Last month’s Tonight Show appearance by Griselda was a worldwide wake-up call to the hip-hop talent coming out of Buffalo: If you don’t know, now you know.
The biggest rap hits you hear coming out of your radio usually have a lazy vocal flow cascading over trap beats, but in Buffalo’s independent hip-hop scene, that’s not how it goes. In the most vibrant corners of local hip-hop, you’re most likely going to hear gritty lyrics riding mid-tempo, old school 90s beats, a style known as street rap. New York City rap is a major influence. But there’s also the lyrical imagery and a shine that’s often linked with the West Coast and Dirty South.

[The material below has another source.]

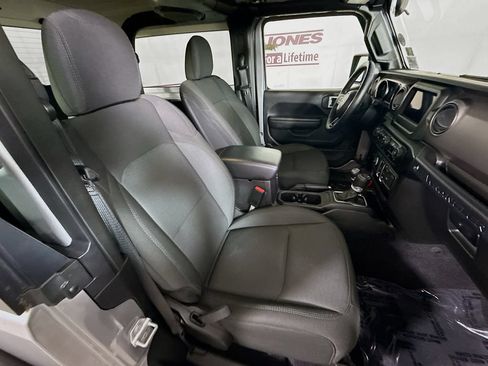 Used 2021 Jeep Wrangler Sport AWD/4WD image 29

Put simply, Buffalo hip-hop is hard music for a hard city, and Griselda is the pinnacle of that aesthetic. With that in mind, below are just a handful of local hip-hop artists you ought to check out.
Part of the extended Griselda crew, Duffel Bag Hottie paints greasy, menacing, black-on-black portraits of trap life in the Nickel City. East coast hustle with a bit of West Coast shine, Duffel’s got that late 90s/early 2000s sound on lock.
People outside of Buffalo are paying attention to local rap. In his recent appearance on SirusXM’s Shade 45 channel, YNX was quizzed by host Lord Sear about the music coming out of Buffalo right now.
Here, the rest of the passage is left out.